* **Records shown**
----

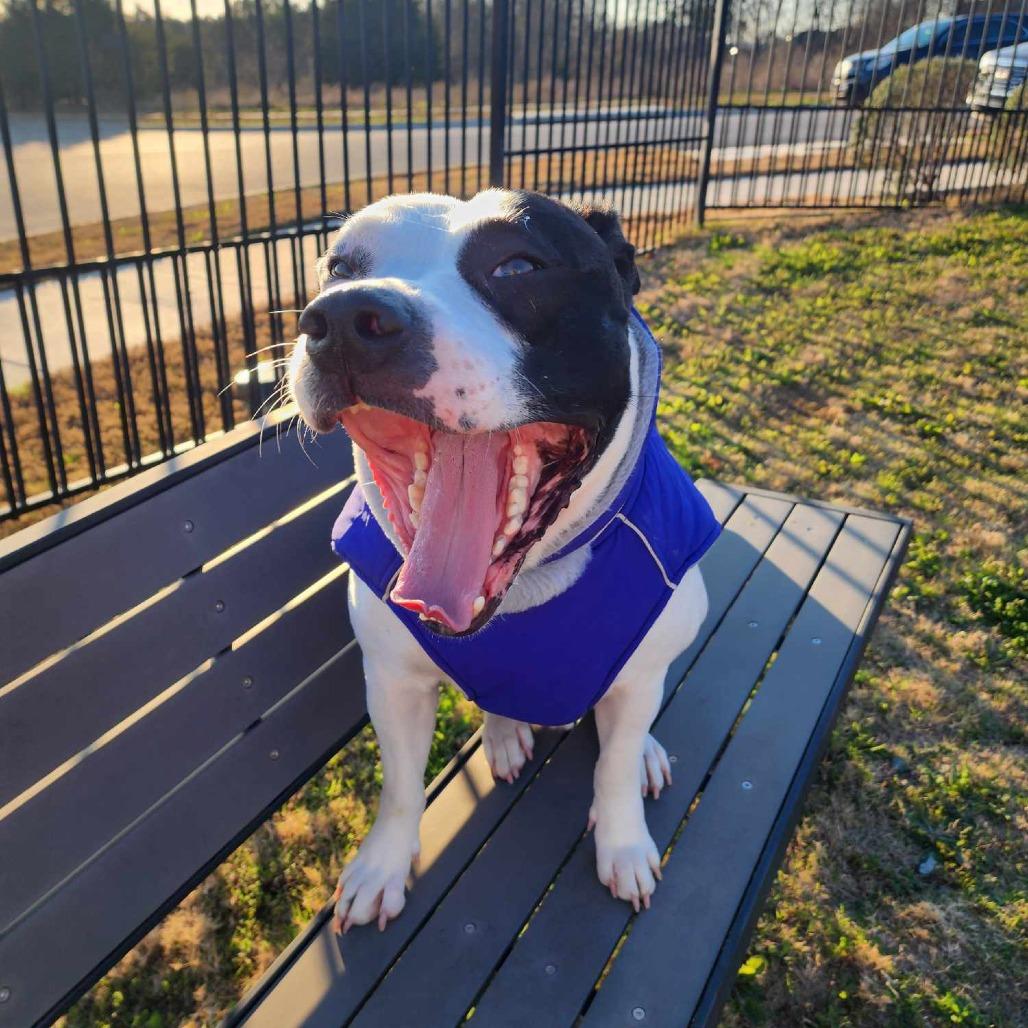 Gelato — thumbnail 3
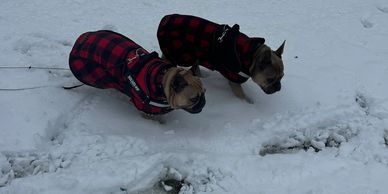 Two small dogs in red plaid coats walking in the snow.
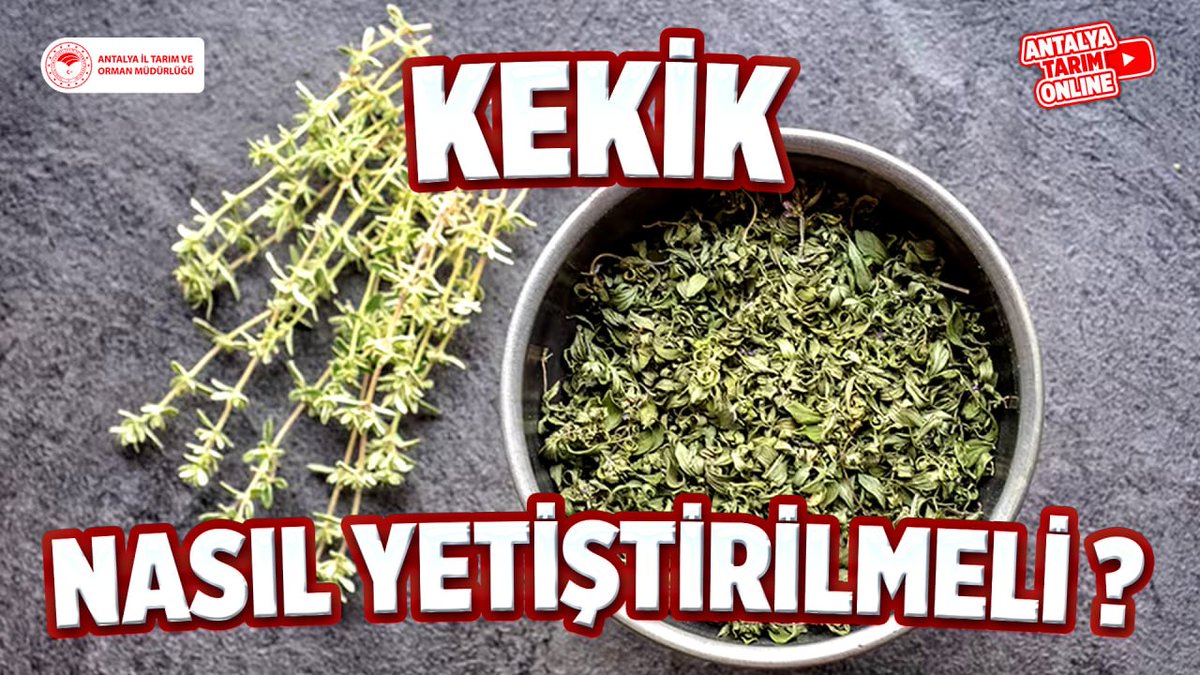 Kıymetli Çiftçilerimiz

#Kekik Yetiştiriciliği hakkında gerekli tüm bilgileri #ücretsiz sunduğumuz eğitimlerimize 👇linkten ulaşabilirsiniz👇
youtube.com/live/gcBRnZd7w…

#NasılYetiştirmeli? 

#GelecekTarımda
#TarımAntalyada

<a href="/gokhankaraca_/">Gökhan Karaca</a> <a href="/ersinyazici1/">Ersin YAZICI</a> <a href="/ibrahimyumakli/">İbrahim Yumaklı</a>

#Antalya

----

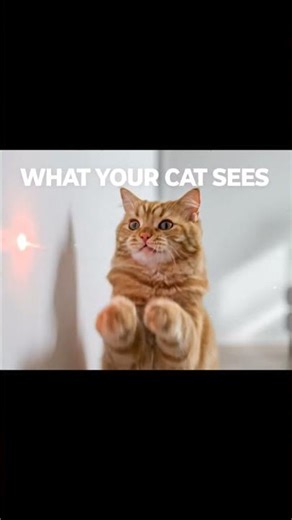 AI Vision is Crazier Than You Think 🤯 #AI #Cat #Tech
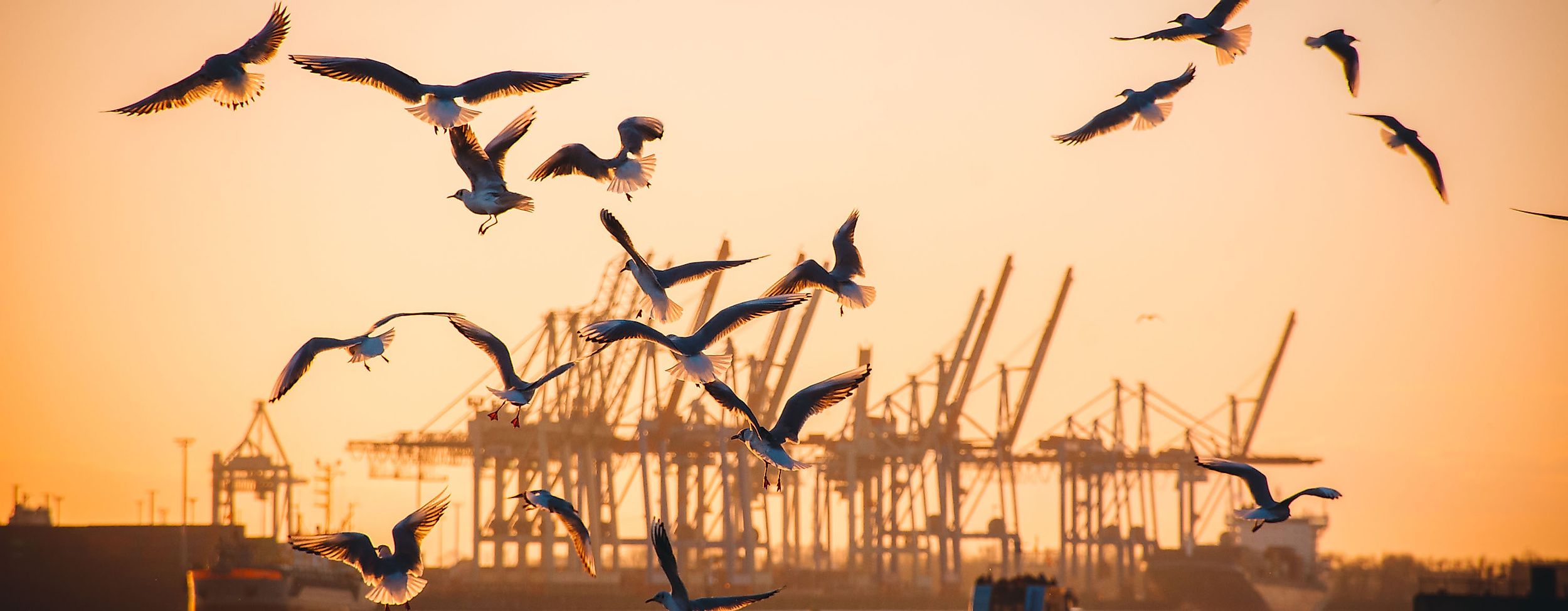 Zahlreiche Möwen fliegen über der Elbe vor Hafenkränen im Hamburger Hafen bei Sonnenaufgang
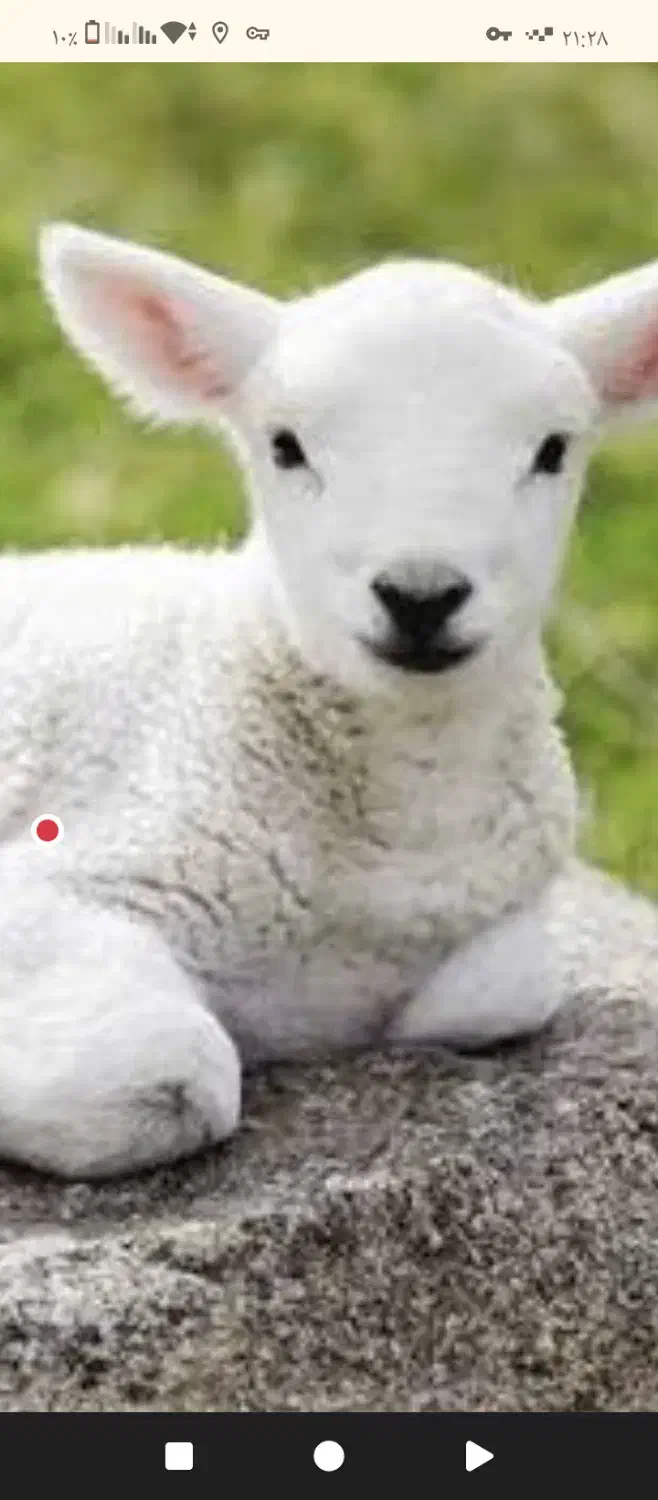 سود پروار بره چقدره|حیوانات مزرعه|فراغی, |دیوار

----

* **Exercise prompt**
Give again the stretch of lines above from the one with "Gelato — thumbnail 3" through the one with "#TarımAntalyada", both ends kept, and copy no pictures.

* **Completed exercise**
 Gelato — thumbnail 3
 Two small dogs in red plaid coats walking in the snow.
 Kıymetli Çiftçilerimiz

#Kekik Yetiştiriciliği hakkında gerekli tüm bilgileri #ücretsiz sunduğumuz eğitimlerimize 👇linkten ulaşabilirsiniz👇
youtube.com/live/gcBRnZd7w…

#NasılYetiştirmeli? 

#GelecekTarımda
#TarımAntalyada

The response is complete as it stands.